Simple but brilliant. With an interior unlike most tapas bars in Barcelona -stylish and modern- Vinitus is a hit with locals and tourists alike. Don’t be surprised by the long queues outside, the restaurant doesn’t take reservations but works with a waiting list. Way to avoid the wait; arrive early before the locals do, which is usually around 20:30.
Tip: Going for white wine instead of Sangria? Their Verdejo (€12.8 p/bottle) is incredible!
2. Casa Lolea
We said it before, and we’ll say it again. A visit to Casa Lolea is a must; only if it’s just for their unparalleled truffle risotto. Casa Lolea is furthermore renowned for its dotted bottled sangria, which is sold around the world. That and the cozy atmosphere are more than enough reasons to visit the restaurant hidden in the streets of Eixample. Make sure to call ahead to ensure yourself of a seat.
Any ham lovers out there? Perikete is the place you’ll want to go. The fairly new restaurant features a nostalgic interior, with ham covering the entire ceiling, barrels of vermouth that are placed above the bar and a selection of over 250 wine bottles placed throughout the bar. The owners specifically aimed to recreate tapas bars as they used to be. The result? An incredible authentic Spanish tapas bar, with great service and an atmosphere alike. Another bonus: the restaurant is very price friendly,
Dine where the locals dine, at La Flauta. For over 25-years la Flauta has proudly served the Catalonian locals with qualitative tapas, building a name for itself one step at a time. Now, the tapas bar is more popular than ever and ques running along the street aren’t uncommon. Just walk up to the bar and place yourself on the waiting list, same things as our no 1 on this list. The service at La Flauta is pretty fast so the wait probably won’t be that long. Overall, the price and quality of the food are excellent.

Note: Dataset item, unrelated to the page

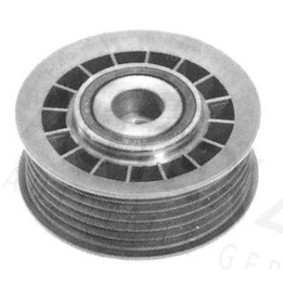 Umlenkrolle Keilrippenriemen von AUTEX 641680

Expect to pay around € 25 per person for an evening filled with tapas and wine.
5. Bar Lobo
Just an alley away from La Rambla, in a rustique square, lies Bar Lobo. The light and modern bar, that features an open kitchen, is in particularly loved for its sun faced outdoor terrace in the afternoon. Their menu goes beyond your traditional tapas classics, so even for those who think they’ve had just about enough tapas, Bar Lobo has got you covered. For an extensive dinner, with a jug of cava sangria expect to pay €30 per person.
Okay, so maybe this doesn’t qualify as just a tapas bar, but it deserves a prominent spot on this list. El Nacional is a massive compound, that’s elegant nevertheless, right in the heart of Barcelona. Within the compound, there are 4 distinct- bars and restaurants. All specialized in a specific matter such as beer, wine, cava cocktails for the bars. Meat, fish, rice, and -of course- tapas, for the restaurants. In the tapas area, the way things work is slightly different than what you might be accustomed to. Obers stop by with a diverse range of tapas- whatever is fresh and ready to go out of the kitchen- and will show/sell you what they have. See something you like, grab it on to the table and the bill will be compiled later.
Not in the mood for tapas? Visit one of our other favorites!
Brunch & Cake
Brunch & Cake; where every item on the menu is a feast for your eyes. Due to its success, more and more Brunch & Cake restaurants are popping up throughout Barcelona. No matter where you’re located, one is ought to be nearby.
Flex & Kale
Flex & Kale, serving good-food-that-is-good-for-you. Their menu consists that for 80% out of plant-based items, the remaining 20% percent includes oily fish. Make sure to order the watermelon & feta starter while your there, yumm!